→ **What the exercise asks**:
Using the listing below, set down exactly the lines from the one that contains "Oval Sterling Revolver Pistol Cufflinks" through the one that contains "- 96538C Blocco", with no pictures.
::::::::
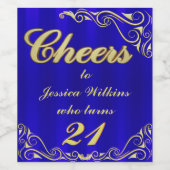 Elegant Regal Golden Typografy Geburtstag Weinetikett (Einzelnes Label)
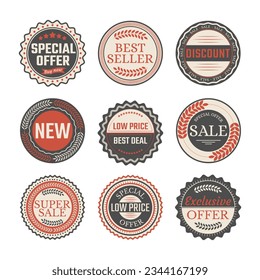 Retro vintage discount sale stickers and labels for promotions.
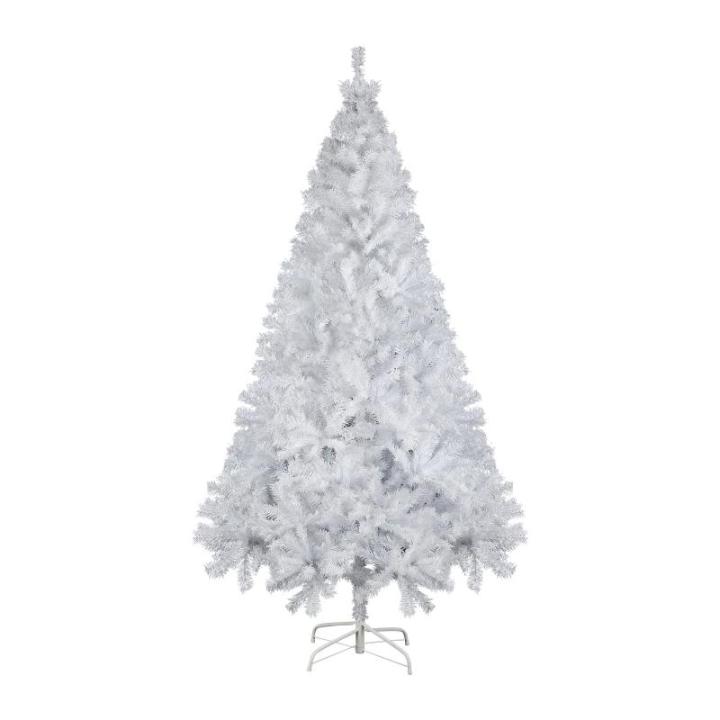 Kunstkerstboom, 180 cm, wit, kunstdennenboom met handschoenen en metalen standaard, kerstversiering voor binnen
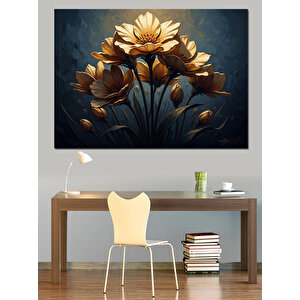 Vazo İçinde Altın Sarısı Çiçekler Dekoratif Kanvas - Mdf Ahşap Tablo 70x100 cm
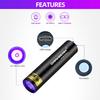 DARKBEAM Flashlight UV Black Light 395 NM, Mini but Powerful USB- C LED Rechargeable Woods Lamp, Ultraviolet Flashlights for Pet Urine, Stains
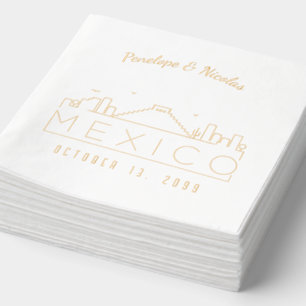 Personalized Mexico Wedding Napkins Gold Foil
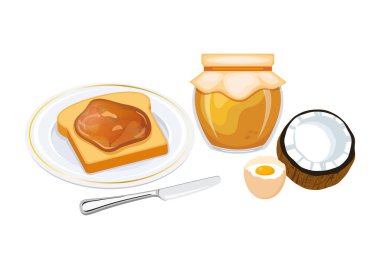 Hindistancevizi reçeli vektör resimli kızarmış ekmek. Tabakta tost, yarım hindistan cevizi, yumurta hala yaşam vektörü. Hindistan cevizli reçel kavanozu ve beyaz arka planda bir dilim ekmek ikonu.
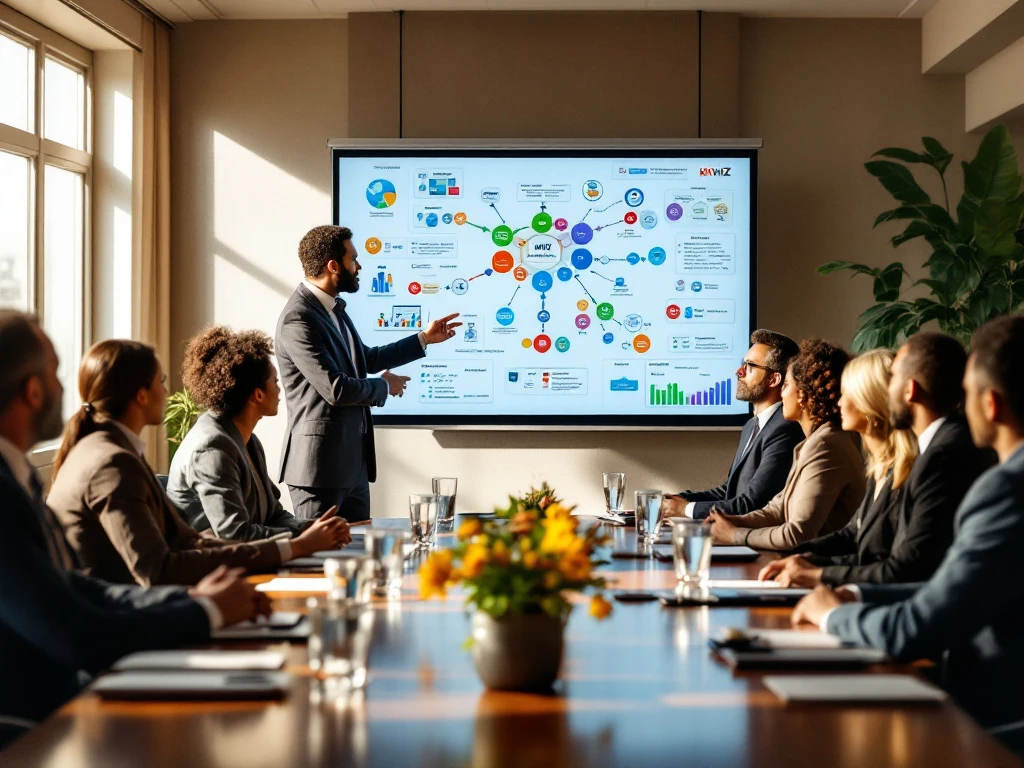 KWIZ-presentator toont netwerkdiagrammen aan diverse gemeentelijke functionarissen en zorgmanagers in professionele vergaderruimte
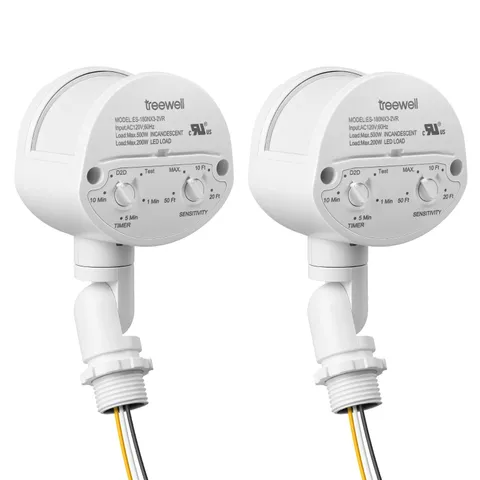 2 Pack Motion Sensor, 180-Degree Replacement Motion Detector, Adjustable Time...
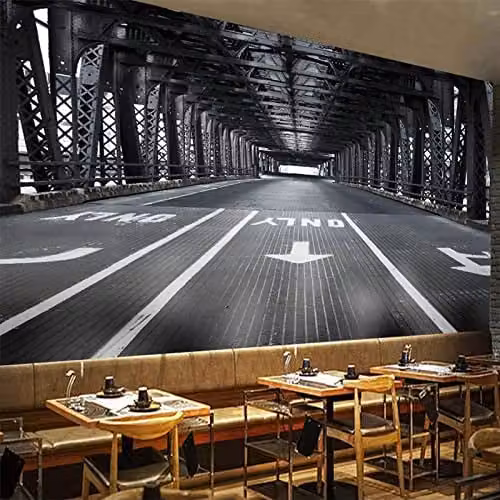 SABORR 3D Iron Bridge Mural Wallpaper in Black and White for Living Room or Bedroom Decor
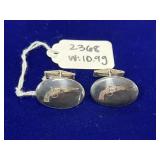 Oval Sterling Revolver Pistol Cufflinks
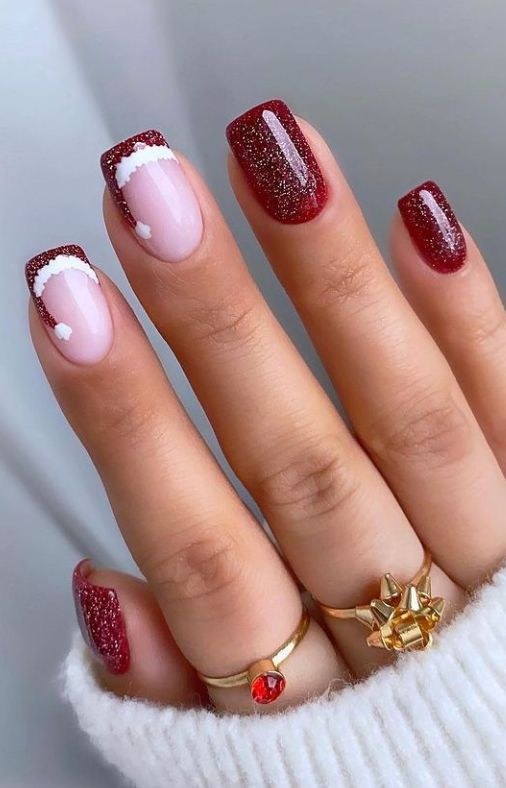 Red Glitter Santa Hat Tip Nails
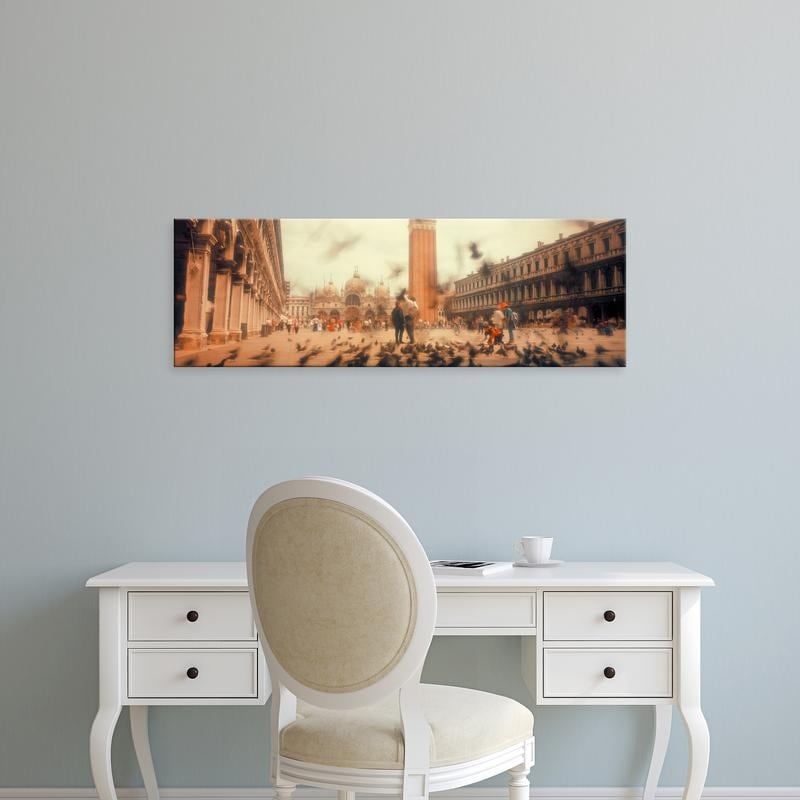Easy Art Prints Panoramic Images's 'Flock of pigeons flying, St. Mark's Square, Venice, Italy' Premium Canvas Art
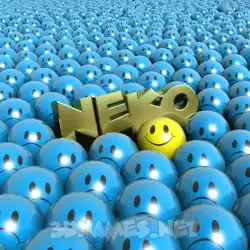 neko in Special Smileys style - 3D name wallpaper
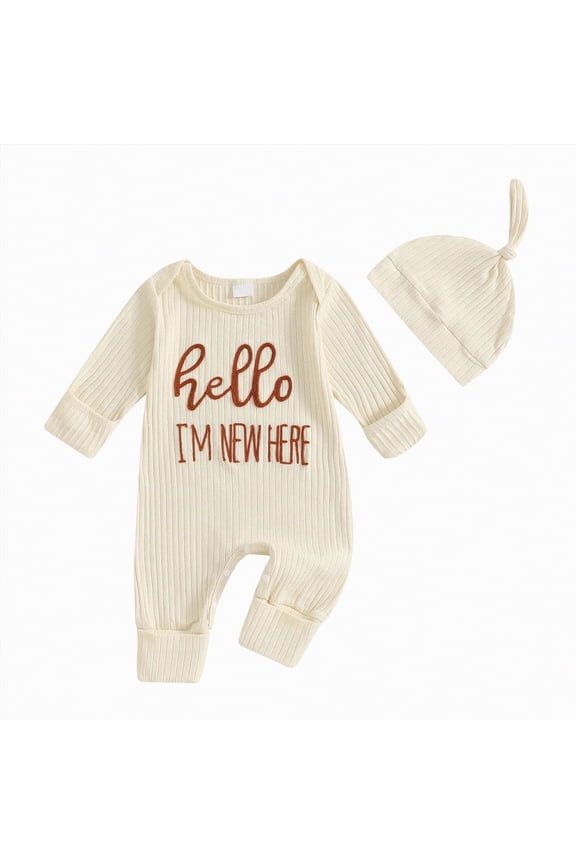 Newborn Baby Boy Clothes Hi I'm New Here Coming Home Outfits Gender Neutral One Piece Romper Fall Winter Spring Clothes (Beige,3-6 Months)
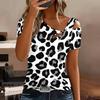 Women Leopard Print Stitching Print Stitching  Print Cold Shoulder Short Sleeve T Shirt Irregular Cutout Neck Casual Summer Blouse Top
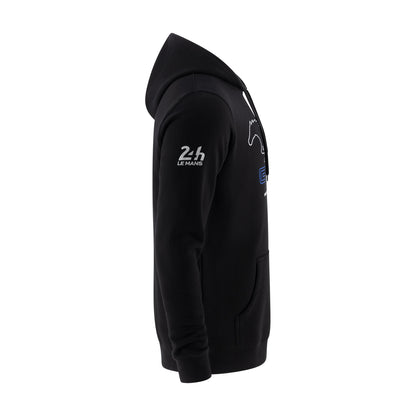 A black pullover hoodie shown from the side profile on a plain white background, featuring white and blue graphics including '2.5 LE MANS' on the sleeve.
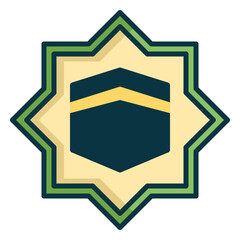 The icon of the Kaaba as a Muslim holy place for worship directions in an octagonal star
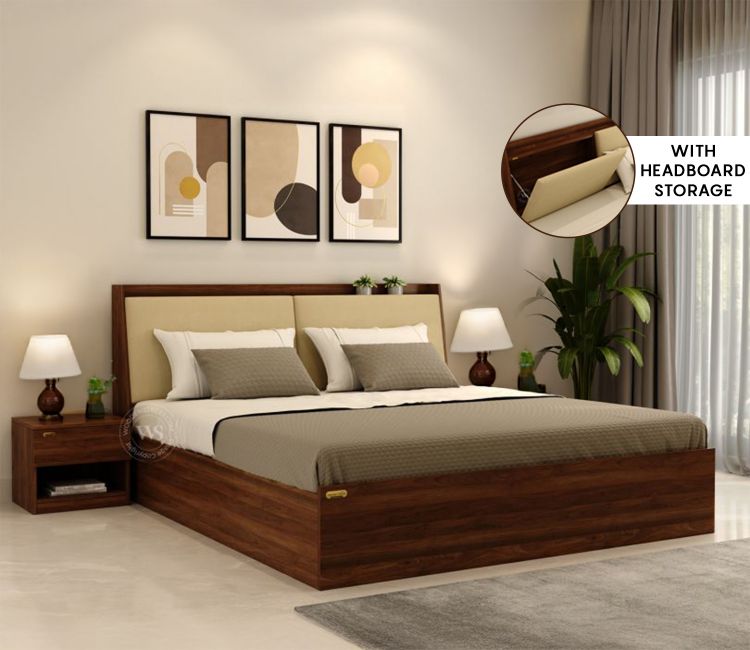 Calmora Engineered Wood Bed with Upholstered Headboard and Spacious Box Storage (Queen Size, Columbian Walnut Finish)
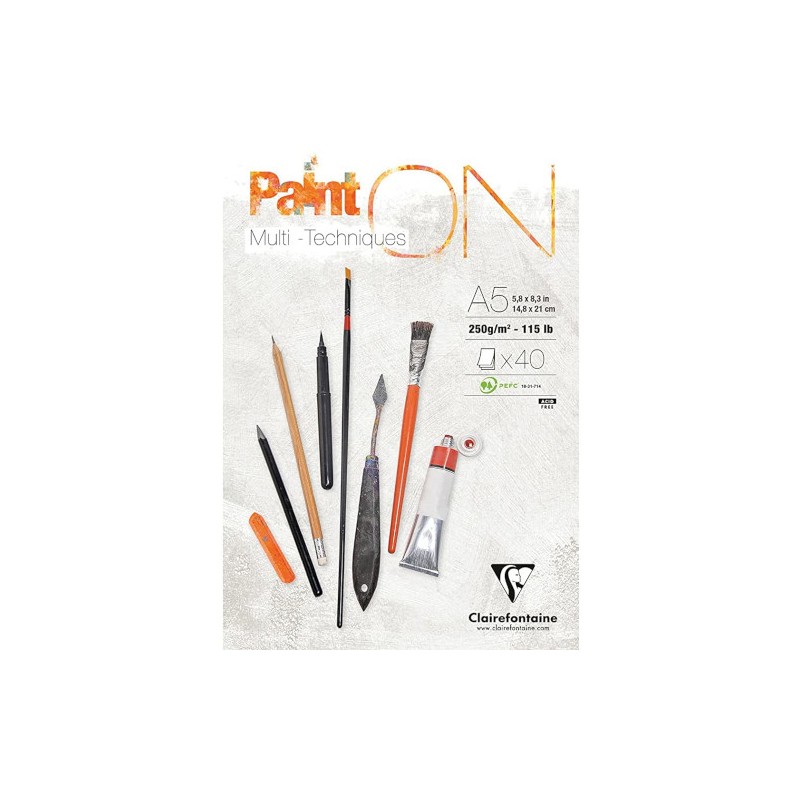 Blocco da disegno Clairefontaine Paint'On A5 250 g, 40 fogli, collato su un lato - 96538C Blocco da disegno Clairefontaine Paint'On A5 250 g, 40 fogli, collato su un lato - 96538C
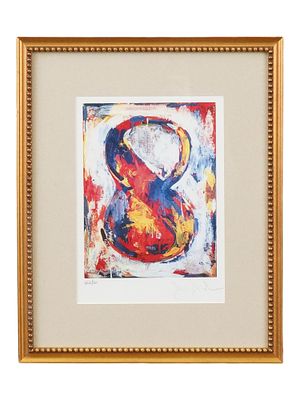 AMERICAN ABSTRACT LITHOGRAPH PRINT AFTER JASPER JOHNS. A color offset lithograph on paper 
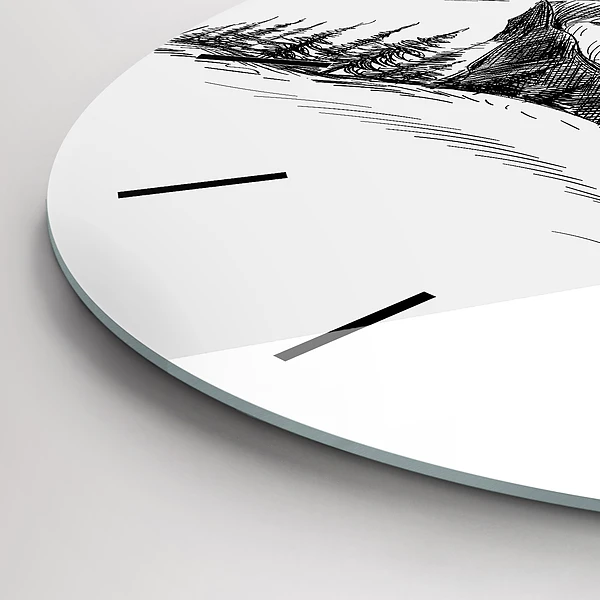 Wanduhr glas rund Gezeichnete Berge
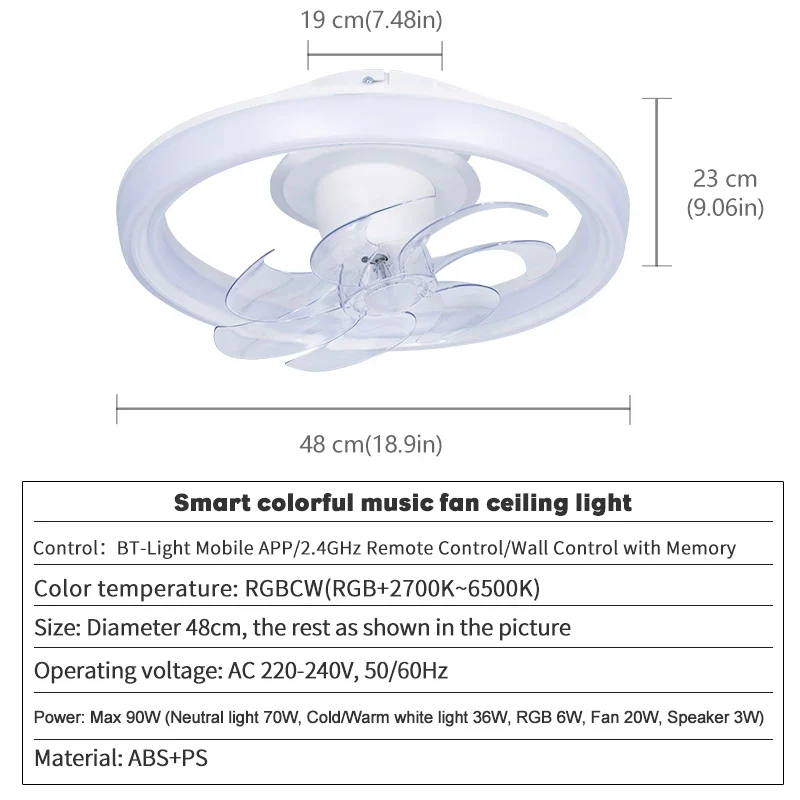 Moderner LED Deckenventilator mit Fernbedienung und App Steuerung für Wohnzimmer Smart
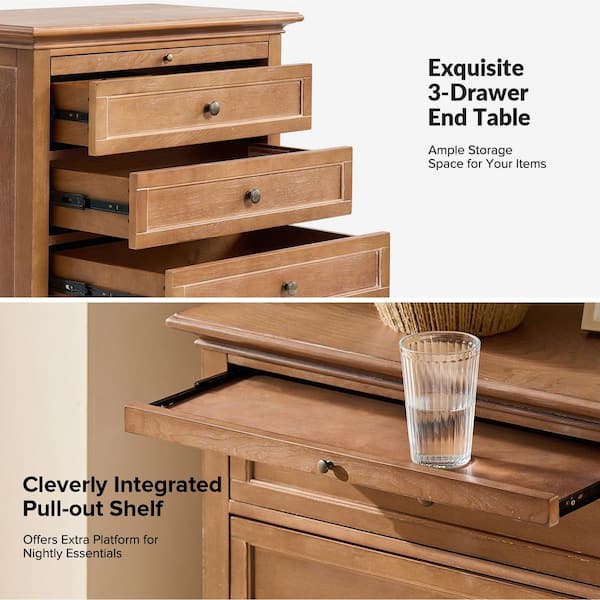 JAYDEN CREATION Julia Acorn 27 in. H Traditional 3-Drawer Solid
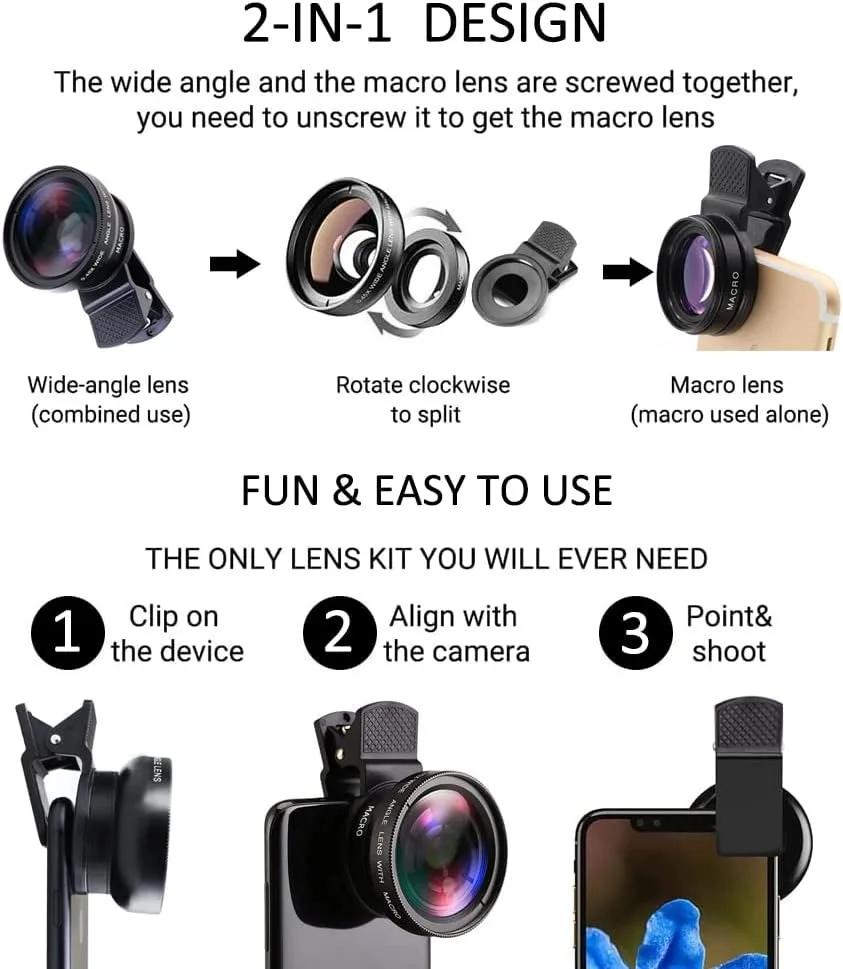 2 In 1 Lens Universal Clip 37mm Mobile Phone Lens Professional 0.45X 49Uv Super Wide-Angle + Macro Hd Lens for iPhone Android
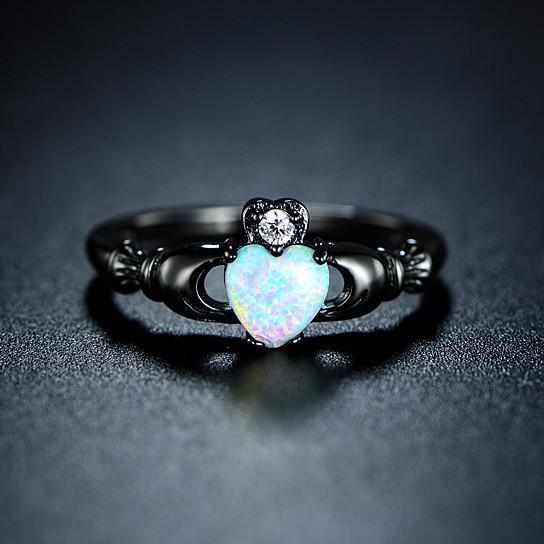 Opal heart deals engagement ring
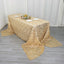 Mesh 90"x156" Rectangle Tablecloth Champagne - Wave Sequin Embroidered Table Cover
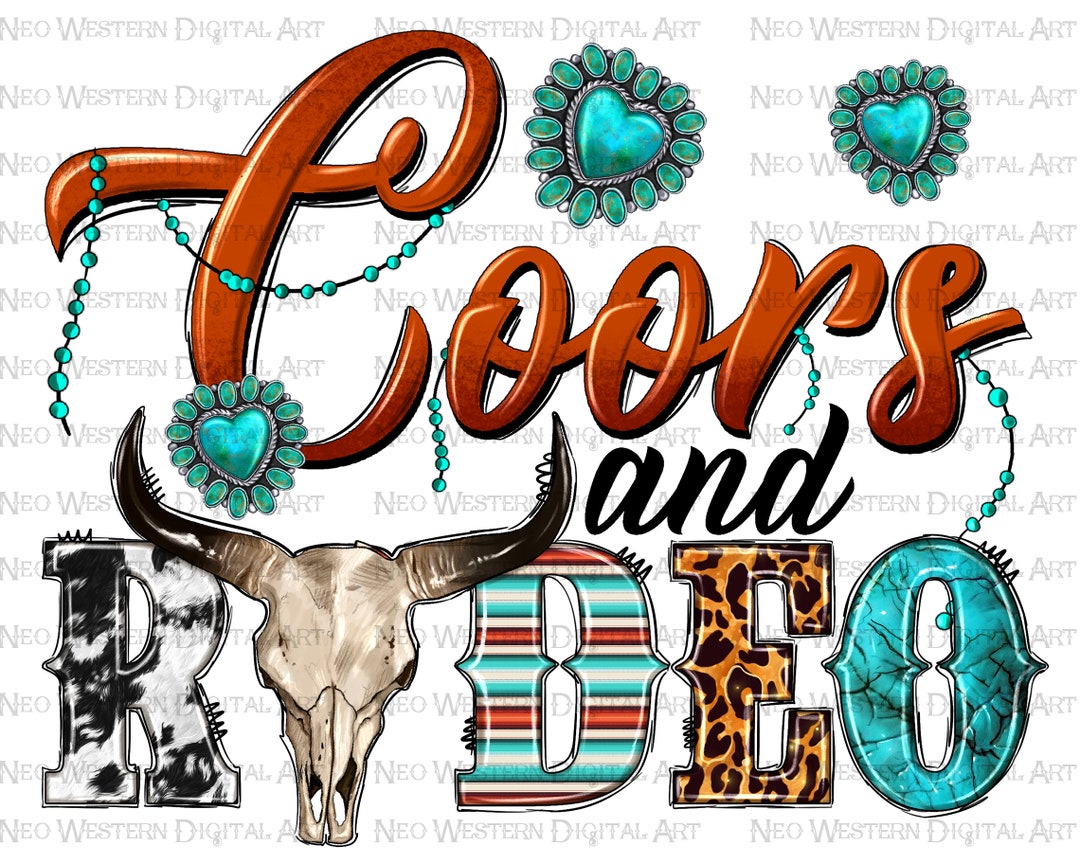 Coors and Rodeo Png Sublimation Design Download, Bull Skull Png, Bull ...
::::::::
→ **Answer area**:
 Oval Sterling Revolver Pistol Cufflinks
 Red Glitter Santa Hat Tip Nails
Easy Art Prints Panoramic Images's 'Flock of pigeons flying, St. Mark's Square, Venice, Italy' Premium Canvas Art
 neko in Special Smileys style - 3D name wallpaper
 Newborn Baby Boy Clothes Hi I'm New Here Coming Home Outfits Gender Neutral One Piece Romper Fall Winter Spring Clothes (Beige,3-6 Months)
 Women Leopard Print Stitching Print Stitching  Print Cold Shoulder Short Sleeve T Shirt Irregular Cutout Neck Casual Summer Blouse Top
 A black pullover hoodie shown from the side profile on a plain white background, featuring white and blue graphics including '2.5 LE MANS' on the sleeve.
 The icon of the Kaaba as a Muslim holy place for worship directions in an octagonal star
 Calmora Engineered Wood Bed with Upholstered Headboard and Spacious Box Storage (Queen Size, Columbian Walnut Finish)
 Blocco da disegno Clairefontaine Paint'On A5 250 g, 40 fogli, collato su un lato - 96538C Blocco da disegno Clairefontaine Paint'On A5 250 g, 40 fogli, collato su un lato - 96538C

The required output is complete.